1885–1911: Early life and military career
Sitsen was born in Bergen op Zoom on 11 January 1885 as the third of six children of Adrianus Wilhelmus Sitsen, a public school head master, and Maria Elisabeth van Mechelen. Sitsen completed high school in 1901 and continued studying engineering at the Royal Military Academy in Breda.After graduating, Sitsen left for Indonesia in January 1907 to serve his contract in the colonial army. His first posting was as 2nd lieutenant in Kutaraja in Northern Sumatra. By 1910 he was stationed as 1st lieutenant in Batavia.
Marriage and artistic interests
In Jakarta, Sitsen met his wife, Dutch singer Maria Elizabeth Russer in 1910. Marie was a well-known soprano who sang at concerts in The Netherlands during 1904–1910. In 1910 she travelled with her friend, singer and pianist Annie van Velthuysen, to Singapore and Indonesia for a tour of concerts. Sitsen was Russer’s piano accompanist at one of her performances in Jakarta.Russer settled in Jakarta to teach singing. Her engagement to Sitsen was announced in May 1911 and they married 12 October 1911. They had two sons, Adri and Hendrik, and a daughter, Ellen.

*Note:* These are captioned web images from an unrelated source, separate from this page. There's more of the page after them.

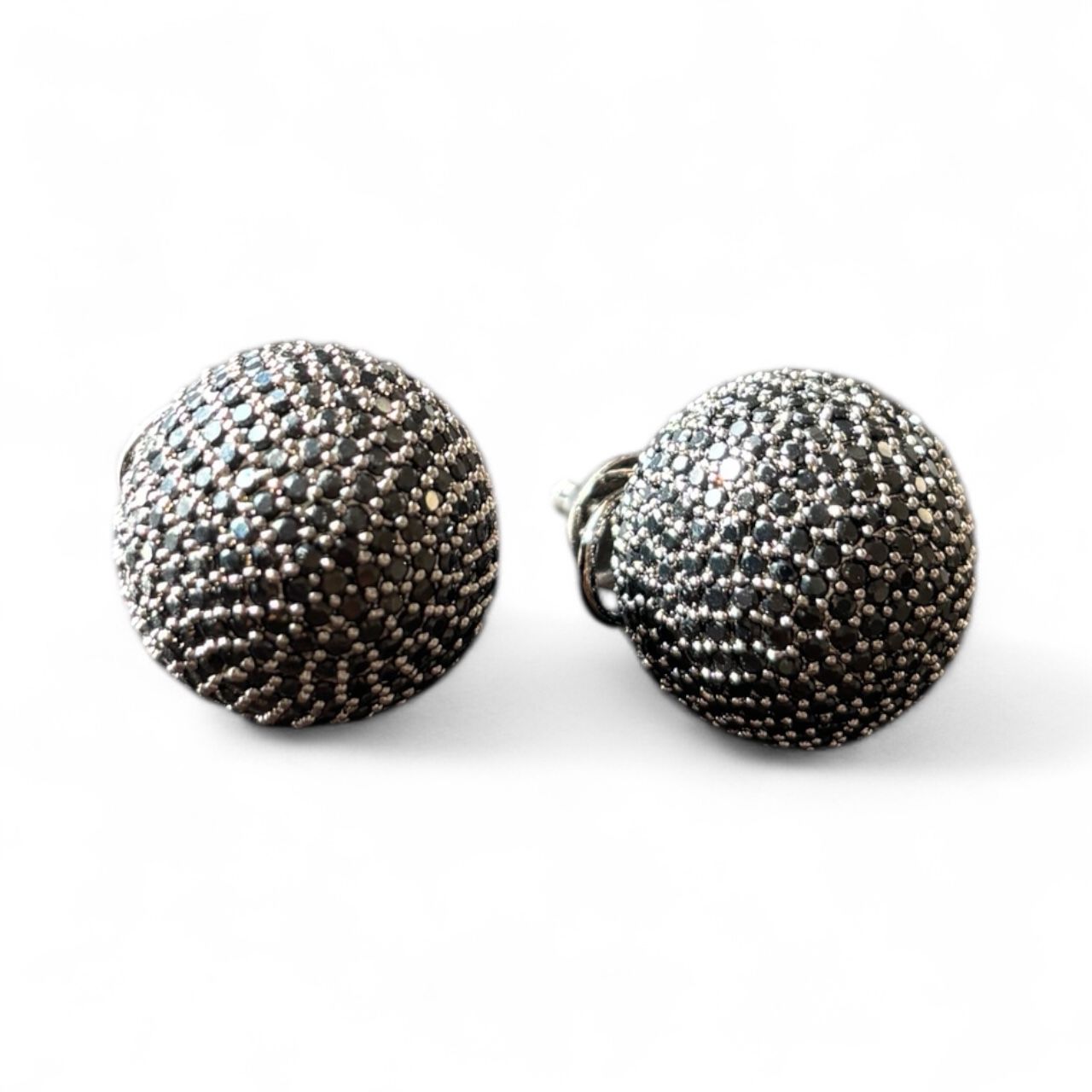 earrings design
earrings
jewellery shop near me
earcuff
fashion jewelry
hoops
stud earrings
studs
drop earrings
hoop earrings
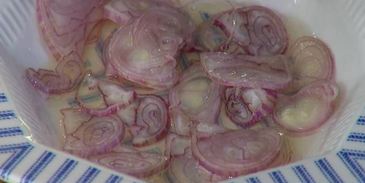 язык с маринованным луком, каперсами и петрушкой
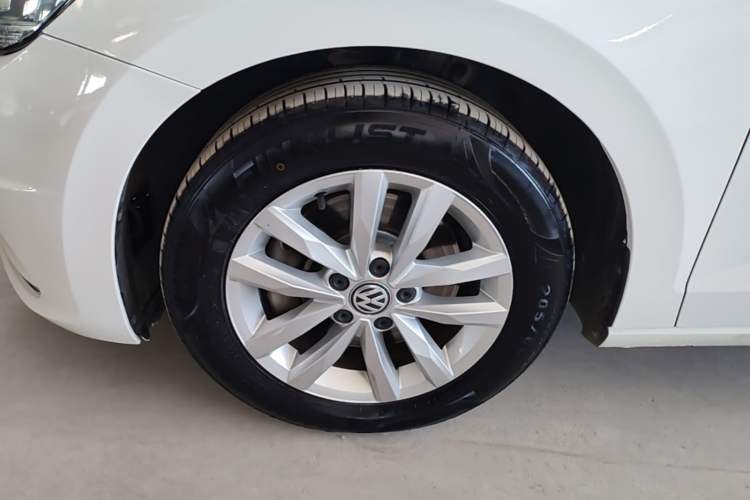 Used Volkswagen Touran 2018 Volkswagen Touran L 280TSI DSG Comfort Edition 7 Seats China V Emission Standard Left Front Wheel Hub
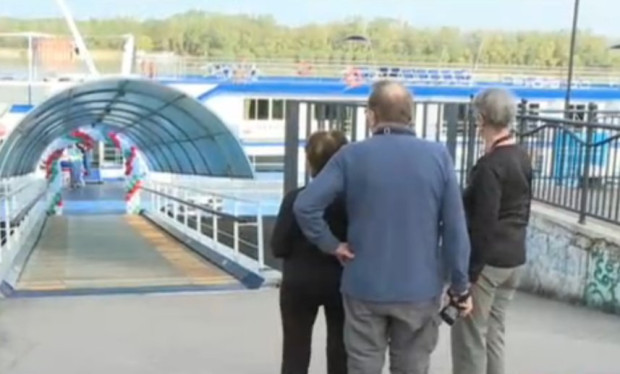 </TD
>Русе посреща първия български круизен кораб с туристи по Дунав.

Russer and Sitsen were active in the Fine Arts Society of the Dutch East Indies in Batavia, of which Sitsen was treasurer during 1912–1915 and a member of the committee that constructed the society’s building in 1914. Russer performed at concerts in cities throughout Indonesia. As her accompanist, Sitsen sometimes sang with Russer at concerts. Together they performed with well-known Dutch singer and entertainer Jean-Louis Pisuisse during his tour of Indonesia in 1913. A newspaper review described the performance: ‘Sitsen has a good feeling for music, a lot of emotion and warmth, and not much of a voice’.
1912–1935: Surveyor in Jakarta, building contractor in Yogyakarta
Having served out his KNIL contract, Sitsen left the army in 1912 and became a senior land surveyor with the Jakarta city council. He left the job in 1915 to take the position of Director of Public Works in the Sultanate of Yogyakarta in Central Java.In 1919 Sitsen partnered with Emile George Baruh Louzada to establish the construction company N.V. Bouwkundig Bureau Sitsen en Louzada in Yogyakarta in 1919, and became a building contractor.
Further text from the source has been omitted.